Saved data entries:
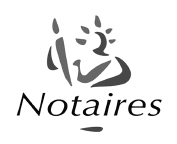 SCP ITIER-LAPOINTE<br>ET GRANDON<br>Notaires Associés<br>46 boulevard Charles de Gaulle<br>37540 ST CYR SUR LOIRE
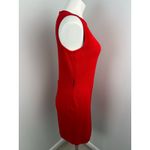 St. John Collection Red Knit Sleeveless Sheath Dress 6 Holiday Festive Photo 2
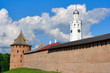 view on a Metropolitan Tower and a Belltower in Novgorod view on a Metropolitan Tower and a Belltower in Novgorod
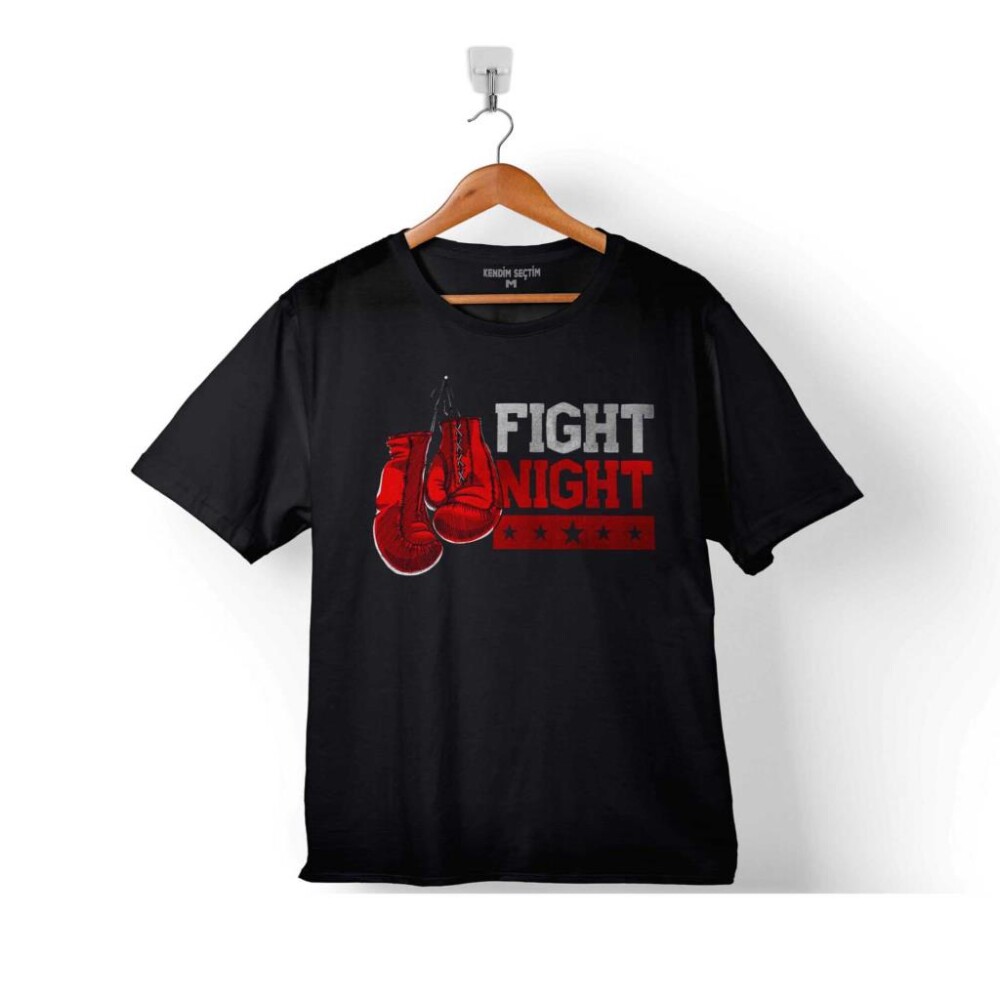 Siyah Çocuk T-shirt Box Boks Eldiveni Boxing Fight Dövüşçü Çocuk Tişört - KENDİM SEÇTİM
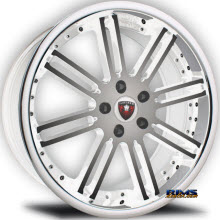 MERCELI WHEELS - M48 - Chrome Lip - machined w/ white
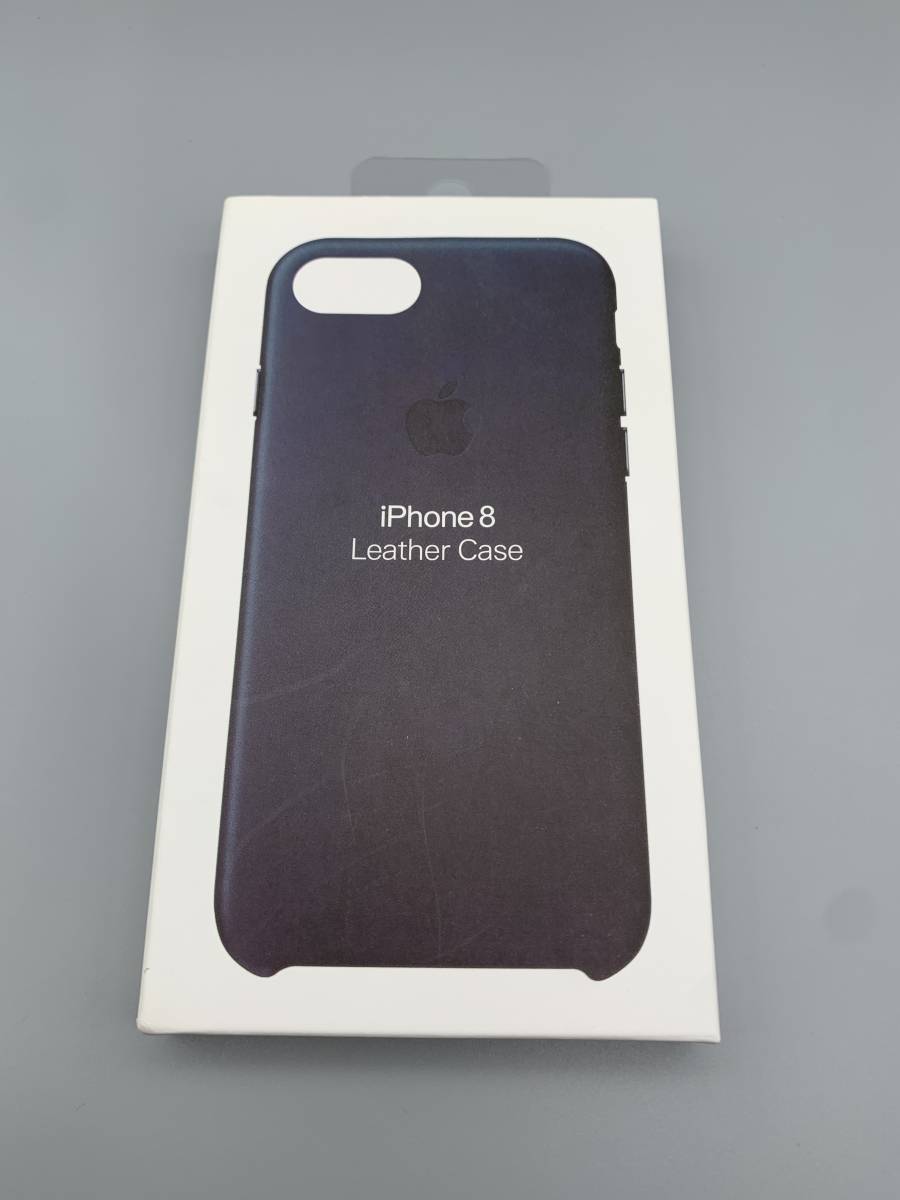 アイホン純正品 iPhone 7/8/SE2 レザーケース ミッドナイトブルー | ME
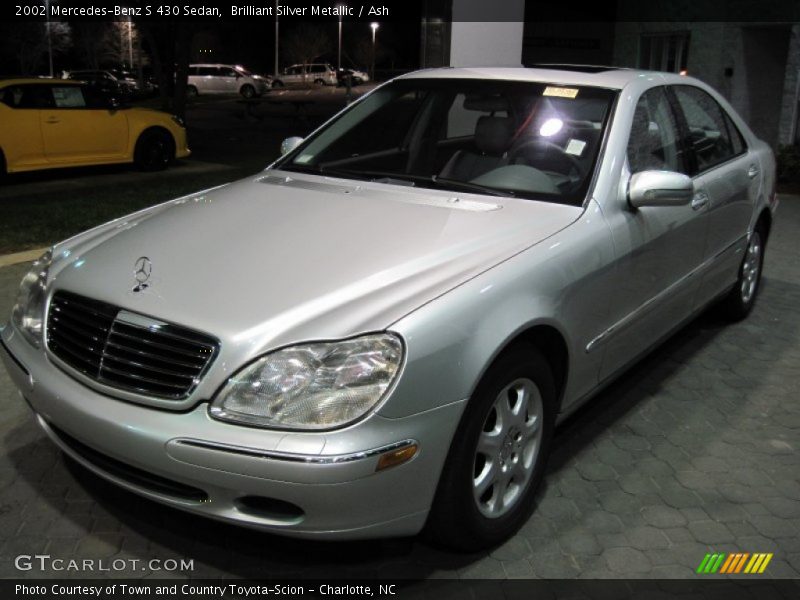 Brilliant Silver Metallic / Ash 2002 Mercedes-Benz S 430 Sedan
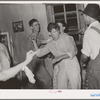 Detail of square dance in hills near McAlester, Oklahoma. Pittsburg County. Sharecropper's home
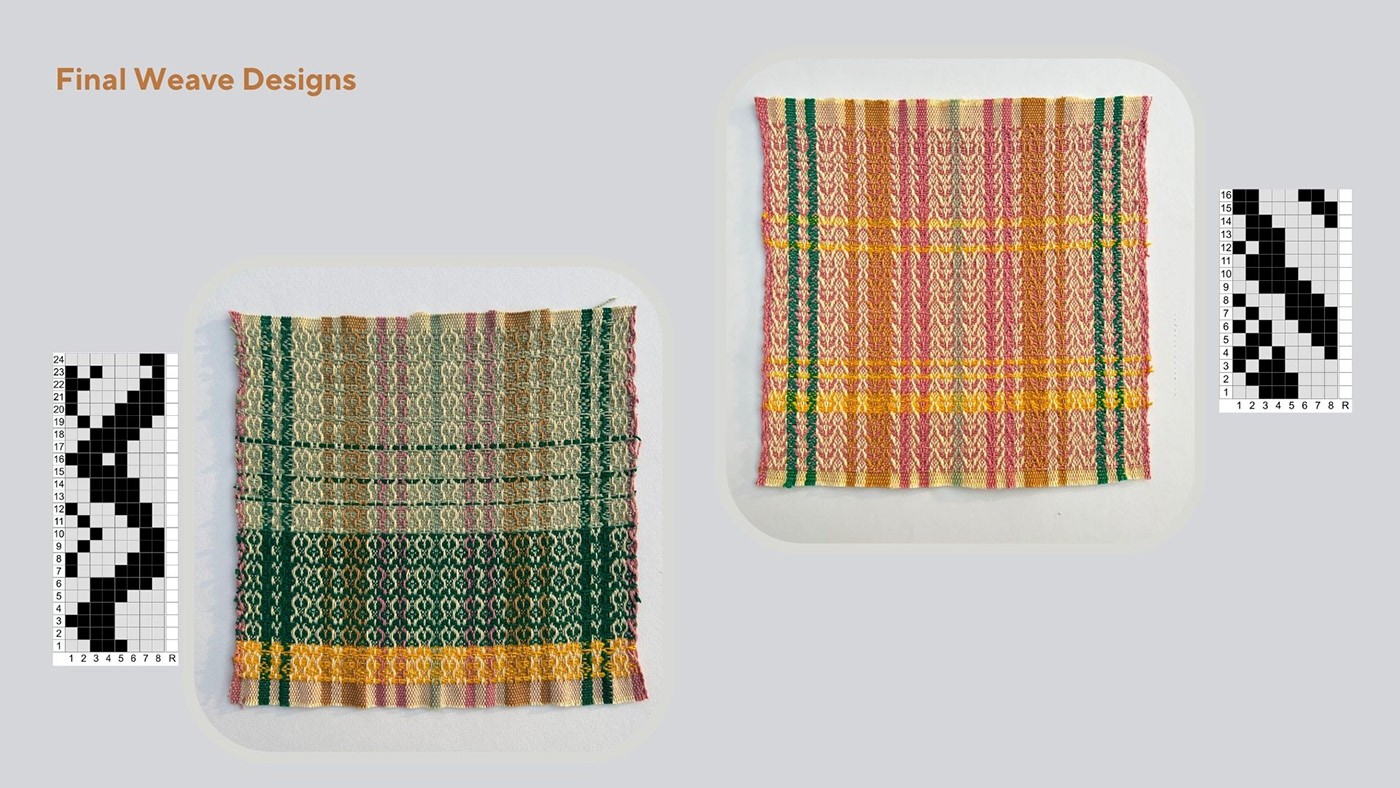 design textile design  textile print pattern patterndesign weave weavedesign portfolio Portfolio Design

-- YOUR TASK --
In the data above, retype only the stretch from the line with "Siyah Çocuk T-shirt" through the line with "アイホン純正品 iPhone 7/8/SE2 レザーケース ミッドナイトブルー | ME", word for word, and skip any pictures.

-- TASK OUTPUT --
 Siyah Çocuk T-shirt Box Boks Eldiveni Boxing Fight Dövüşçü Çocuk Tişört - KENDİM SEÇTİM
 MERCELI WHEELS - M48 - Chrome Lip - machined w/ white
 アイホン純正品 iPhone 7/8/SE2 レザーケース ミッドナイトブルー | ME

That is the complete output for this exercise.